Labor’s key objection to this bill is our concern that it will serve to diminish Australia’s rigorous aviation safety standards. We say again that the government has failed to acknowledge that concern and has ignored other concerns. I do not understand why the government has not already done the work which I believe is necessary in relation to the passage of this bill. We believe that this legislation will have a dramatic effect on aviation operations in this country.
The government has taken a decision in relation to other air routes and international operations to decline the carrier Singapore Airlines access to the Pacific route, and as a result may well have damaged Australia’s relationship with Singapore. I wonder what the impact would be if one of the carriers operating in Australia now, Virgin Blue, were to establish operations in New Zealand as an international carrier. They already have Pacific Blue as one of their operators in New Zealand. It flies certain routes in the near Pacific region. If they were to seek to base such an operation in New Zealand, would the government give consideration to such a New Zealand based carrier having access to the Pacific route if it was a subsidiary of the Virgin Blue operation in Australia? What if it was also flying on certain domestic routes in this country? What would the government do in those circumstances? These are questions that I have asked myself in relation to the possibilities for aviation operation in this country.
Particularly given the current state of the majority owner of Virgin Blue, Patrick, and the takeover discussions which now seem to be coming to a conclusion—and I understand that Friday is the final day for shareholders in Patrick to accept the offer of Toll and to transfer their shares to Toll for the arrangements currently on the table—one wonders what may happen with that carrier. I would not want to make any reflection on Virgin Blue in terms of its operation here in Australia. It is a very professional operation. I regularly fly in their aircraft from Launceston and from other parts of the country as their service from time to time provides the best option. I merely highlight the circumstances of Virgin Blue, their arrangements with Pacific Blue, the Pacific route arrangements and what might occur there, and the possibility that airlines based in New Zealand and connected with Australian based airlines will take advantage of these arrangements and of what the government has suggested they might do—give a Virgin Blue owned operation access to the Pacific route when they have refused access by the Singapore Airlines operation. The Pacific route is Australia to Los Angeles from one of the eastern Australian ports. Sydney was the port of preference rather than the port of Adelaide—it was certainly not Perth.
I wonder what would occur were the government confronted with that option after the passage of this legislation and what impact that would have on the nature of aviation operations in this country.

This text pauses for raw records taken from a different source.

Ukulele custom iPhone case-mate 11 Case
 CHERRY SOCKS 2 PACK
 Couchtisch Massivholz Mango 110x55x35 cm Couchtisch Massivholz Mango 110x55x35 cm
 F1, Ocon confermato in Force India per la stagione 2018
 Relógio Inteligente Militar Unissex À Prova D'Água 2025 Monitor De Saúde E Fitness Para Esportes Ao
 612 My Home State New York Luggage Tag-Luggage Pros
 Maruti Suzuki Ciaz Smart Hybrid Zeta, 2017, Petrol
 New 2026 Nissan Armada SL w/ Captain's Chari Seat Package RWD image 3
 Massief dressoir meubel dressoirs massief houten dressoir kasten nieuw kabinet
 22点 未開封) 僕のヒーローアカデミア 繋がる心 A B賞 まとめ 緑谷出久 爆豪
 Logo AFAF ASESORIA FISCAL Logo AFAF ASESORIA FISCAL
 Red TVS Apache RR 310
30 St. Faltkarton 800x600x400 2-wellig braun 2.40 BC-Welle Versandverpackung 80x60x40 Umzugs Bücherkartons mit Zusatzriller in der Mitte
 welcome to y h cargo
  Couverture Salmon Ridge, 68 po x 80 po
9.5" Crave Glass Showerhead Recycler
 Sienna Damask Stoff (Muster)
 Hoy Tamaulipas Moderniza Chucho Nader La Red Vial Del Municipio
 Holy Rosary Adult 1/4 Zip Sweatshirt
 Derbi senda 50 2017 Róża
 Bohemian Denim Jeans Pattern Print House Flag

How many jobs that the government expects to remain here would actually migrate to New Zealand if it cost less for a carrier to operate in New Zealand? Who knows what airlines will seek to operate in this country in the future? More importantly, who knows what airlines will seek to register in New Zealand and then seek under these arrangements to be able to operate in Australia?
If we pass this legislation, what we are saying is that the awarding of an air operation certificate to an airline in New Zealand will be accepted as effectively the awarding of the same certificate by the Civil Aviation Safety Authority in Australia and that the airline will be able to fly here. That potentially will mean that certain aircraft based in New Zealand will be able to operate in Australia without having gone through any of the regulatory checks that we require. I do not know that there is anything in this legislation that requires New Zealand to harmonise its operations with Australia, despite what the New Zealand Civil Aviation Safety Authority had to say. That will be a matter for their parliament and for their executive government.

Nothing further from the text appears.